Nielsen: 50-50

The first Nielsen poll since the leadership change follows the general trend in finding Labor drawing level with the Coalition after spending a long period in some place lower than the doldrums.

GhostWhoVotes relates that the first Nielsen poll since the leadership change has Labor bouncing from 57-43 behind to dead level, from primary votes of 39% for Labor (up 10), 44% for the Coalition (down three) and 9% for the Greens (down two). Kevin Rudd’s personal ratings are 51% approve and 43% disapprove, while Tony Abbott is on 41% (down three) and 56% disapprove (up three). Rudd leads as preferred prime minister by 55-41. More to follow.

UPDATE: Full tables plus leadership attributes results, courtesy as usual of the ghost with the most.

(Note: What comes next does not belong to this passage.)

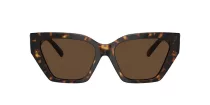 Tiffany TF 4218 80153G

UPDATE 2 (Essential Research): The ever inflexible Essential Research still has the Coalition lead at 52-48, although Labor is up a point on last week to 39% with the Coalition steady on 46% and the Greens down one to 7%. Also featured are personal approval ratings, with Kevin Rudd on 50% approve and 35% disapprove against 39% and 51% for Tony Abbott, with Rudd leading 50-35 as preferred prime minister. There is also very strong support for Kevin Rudd’s notion that party leaders should be chosen by members as well as caucus, with 56% approval and 19% disapproval. A question on the state of the economy finds a sharp deterioration since April, with good down nine points to 36% and poor up four to 30%, with the usual huge disparities according to voting intention. Thirty-eight per cent thought the economy headed in the right direction, up two since July, against 42% for the wrong direction, up three. There is also a question on respondents’ personal involvement in the past week, showing 56% had watched federal politicians on television, 50% discussed federal politics with friends and family, and 43% had seen television advertising by the parties.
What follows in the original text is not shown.